KOMİSYON KONUŞMASI

YASİN ÖZTÜRK (Denizli) - Teşekkür ediyorum Sayın Başkanım.

Ahmet Bey'in bahsettiği İSO'nun verilerine göre, kamuda yine de sıralamada 1'inci olan kuruluşumuz EÜAŞ. Bu açıdan bakıldığında EÜAŞ'ı tebrik etmek gerekir.

Zaten EÜAŞ 2017 yılını 18 milyon 106 bin 621 lira dönem kârıyla kapatmasına rağmen, 2018 yılını 1 milyar 663 milyon 991 bin küsur lira dönem zararıyla kapatmış.

BAŞKAN MUSTAFA SAVAŞ - Milyon mu, milyar mı?

YASİN ÖZTÜRK (Denizli) - 1 milyar 663 milyon 991 bin.

2018 yılında EÜAŞ ile TETAŞ birleşmiş ve TETAŞ yine 2017 yılını 14 milyon 880 bin 675 lira dönem kârıyla kapatmıştır. TETAŞ, 9 Temmuz 2018 tarihli bilançosunda dönem zararını 731 milyon 127 bin 179 lira olarak açıklamıştır. Birleşme öncesi kâr açıklayan EÜAŞ ve TETAŞ'ın 2018 yılında birleşmesinden sonra zarar eden kuruluşlar hâlini almasının nedeni nedir?

Elektrik dağıtım şirketleri, elektriği büyük ölçüde EÜAŞ'tan satın alıyor, ayrıca özel elektrik üretim şirketleri de mevcut. Bu şirketler de elektriği büyük ölçüde devletten sağladıkları alım garantisi veya yüksek tutarlı teşviklerle üretiyorlar.

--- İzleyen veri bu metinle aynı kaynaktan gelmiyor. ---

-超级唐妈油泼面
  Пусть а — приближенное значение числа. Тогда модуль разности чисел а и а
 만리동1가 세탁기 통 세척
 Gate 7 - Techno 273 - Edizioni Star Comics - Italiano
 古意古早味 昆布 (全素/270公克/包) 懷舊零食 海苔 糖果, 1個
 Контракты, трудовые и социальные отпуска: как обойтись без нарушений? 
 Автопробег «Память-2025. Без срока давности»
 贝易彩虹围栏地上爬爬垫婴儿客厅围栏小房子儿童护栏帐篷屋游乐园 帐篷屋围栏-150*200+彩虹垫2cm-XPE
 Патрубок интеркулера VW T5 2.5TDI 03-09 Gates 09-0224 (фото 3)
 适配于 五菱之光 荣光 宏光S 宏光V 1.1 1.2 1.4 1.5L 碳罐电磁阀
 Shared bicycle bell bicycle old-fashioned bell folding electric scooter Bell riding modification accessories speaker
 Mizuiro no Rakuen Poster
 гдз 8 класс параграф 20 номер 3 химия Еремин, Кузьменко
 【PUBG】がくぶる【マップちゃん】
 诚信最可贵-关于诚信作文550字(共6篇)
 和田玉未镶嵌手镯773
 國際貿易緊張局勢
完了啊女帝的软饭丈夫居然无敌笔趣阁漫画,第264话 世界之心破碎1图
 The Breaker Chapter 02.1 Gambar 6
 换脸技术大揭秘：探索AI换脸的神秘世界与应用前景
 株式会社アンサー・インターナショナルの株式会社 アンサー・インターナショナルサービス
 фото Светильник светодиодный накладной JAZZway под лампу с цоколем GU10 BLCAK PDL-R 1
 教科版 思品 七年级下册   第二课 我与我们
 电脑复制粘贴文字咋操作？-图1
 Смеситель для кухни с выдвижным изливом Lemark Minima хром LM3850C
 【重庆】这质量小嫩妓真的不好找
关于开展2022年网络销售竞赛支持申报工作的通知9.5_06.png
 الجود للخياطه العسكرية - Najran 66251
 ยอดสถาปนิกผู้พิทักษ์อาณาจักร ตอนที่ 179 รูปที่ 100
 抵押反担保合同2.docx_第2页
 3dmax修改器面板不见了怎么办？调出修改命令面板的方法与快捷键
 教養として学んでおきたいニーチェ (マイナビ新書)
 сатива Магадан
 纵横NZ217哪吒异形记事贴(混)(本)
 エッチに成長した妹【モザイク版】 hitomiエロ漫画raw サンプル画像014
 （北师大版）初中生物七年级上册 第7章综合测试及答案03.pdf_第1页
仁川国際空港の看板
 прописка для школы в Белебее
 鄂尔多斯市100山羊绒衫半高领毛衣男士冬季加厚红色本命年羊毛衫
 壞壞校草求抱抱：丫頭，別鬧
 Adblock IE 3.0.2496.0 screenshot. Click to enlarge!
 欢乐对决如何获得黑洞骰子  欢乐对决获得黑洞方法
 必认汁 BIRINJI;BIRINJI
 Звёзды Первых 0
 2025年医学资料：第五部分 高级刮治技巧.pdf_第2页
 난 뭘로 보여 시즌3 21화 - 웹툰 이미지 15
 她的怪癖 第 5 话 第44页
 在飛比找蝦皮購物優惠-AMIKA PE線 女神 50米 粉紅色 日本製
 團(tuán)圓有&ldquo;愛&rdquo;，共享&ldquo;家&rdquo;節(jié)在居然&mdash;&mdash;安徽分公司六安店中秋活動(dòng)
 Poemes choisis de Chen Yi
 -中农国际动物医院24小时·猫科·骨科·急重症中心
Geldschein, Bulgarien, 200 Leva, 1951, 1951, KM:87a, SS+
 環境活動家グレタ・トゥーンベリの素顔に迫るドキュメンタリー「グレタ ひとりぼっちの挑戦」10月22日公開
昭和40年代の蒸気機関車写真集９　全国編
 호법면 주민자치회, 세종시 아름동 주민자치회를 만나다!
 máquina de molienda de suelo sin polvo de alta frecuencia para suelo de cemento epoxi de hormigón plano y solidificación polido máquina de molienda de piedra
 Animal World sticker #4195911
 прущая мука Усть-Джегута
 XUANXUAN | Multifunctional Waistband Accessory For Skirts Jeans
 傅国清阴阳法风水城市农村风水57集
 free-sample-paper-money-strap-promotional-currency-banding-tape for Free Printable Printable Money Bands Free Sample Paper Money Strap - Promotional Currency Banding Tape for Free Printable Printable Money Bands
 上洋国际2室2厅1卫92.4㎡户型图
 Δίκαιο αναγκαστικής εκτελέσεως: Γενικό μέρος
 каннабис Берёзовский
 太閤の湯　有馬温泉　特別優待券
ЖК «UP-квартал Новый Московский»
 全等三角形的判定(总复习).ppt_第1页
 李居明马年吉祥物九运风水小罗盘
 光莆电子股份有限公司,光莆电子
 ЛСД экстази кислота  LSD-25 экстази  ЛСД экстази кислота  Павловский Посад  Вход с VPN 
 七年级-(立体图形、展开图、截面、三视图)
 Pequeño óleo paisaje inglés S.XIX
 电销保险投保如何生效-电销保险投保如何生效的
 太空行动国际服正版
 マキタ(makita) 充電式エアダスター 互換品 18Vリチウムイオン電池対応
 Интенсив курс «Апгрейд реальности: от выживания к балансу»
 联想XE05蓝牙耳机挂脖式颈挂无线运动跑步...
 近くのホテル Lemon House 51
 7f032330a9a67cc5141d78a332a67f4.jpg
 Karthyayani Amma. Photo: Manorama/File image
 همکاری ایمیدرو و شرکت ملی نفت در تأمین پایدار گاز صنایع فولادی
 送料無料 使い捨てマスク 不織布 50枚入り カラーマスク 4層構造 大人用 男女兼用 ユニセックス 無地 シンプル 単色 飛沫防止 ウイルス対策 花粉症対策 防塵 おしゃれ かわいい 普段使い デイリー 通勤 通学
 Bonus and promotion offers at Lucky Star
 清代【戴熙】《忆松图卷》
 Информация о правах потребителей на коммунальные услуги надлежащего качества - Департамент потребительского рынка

EPDK her üç ayda bir, özel elektrik şirketlerinin dağıttığı fiyatı düzenleyen tebliğler yayımlıyor. Böyle olunca da elektrik fiyatlarını devlet otoritesi belirliyormuş gibi görünüyor fakat aynı devlet, EÜAŞ eliyle elektrik dağıtım şirketlerine giderek ucuzlayan fiyatlarla elektrik satarken, dağıtım şirketlerinin halka ulaştırdığı elektriğin fiyatında hiçbir fiyat indirimi yapılmıyor. Yani elektrik şirketleri elektriği giderek daha ucuza alıyor ancak halka bu indirim yansımıyor; biraz önce Ahmet Bey de bu konuya rakamlarla değindi. Şirketler de elektriği, zarar ettiğinde vergilerle finanse edilen bir kurumdan yani EÜAŞ'tan alıyorlar.

Son dönemde dağıtım şirketlerine EÜAŞ tarafından verilen elektriğin ne kadar ucuzladığını dönem dönem her üç aylık verdiği rakamların -diğer rakamlar verildiği için, total rakamı söyleyeyim- toplamında yüzde 62 oranında indirim yapılmış. Sadece son üç aylık o dönemde yani 1 Temmuz-30 Eylül 2020 dönemlerinde yüzde 42 indirim yapılmış ancak bu tarife halka yansıtılmamış ve dokuz aydır halkın tükettiği elektriğe tek kuruş dahi indirim yapılmamıştır.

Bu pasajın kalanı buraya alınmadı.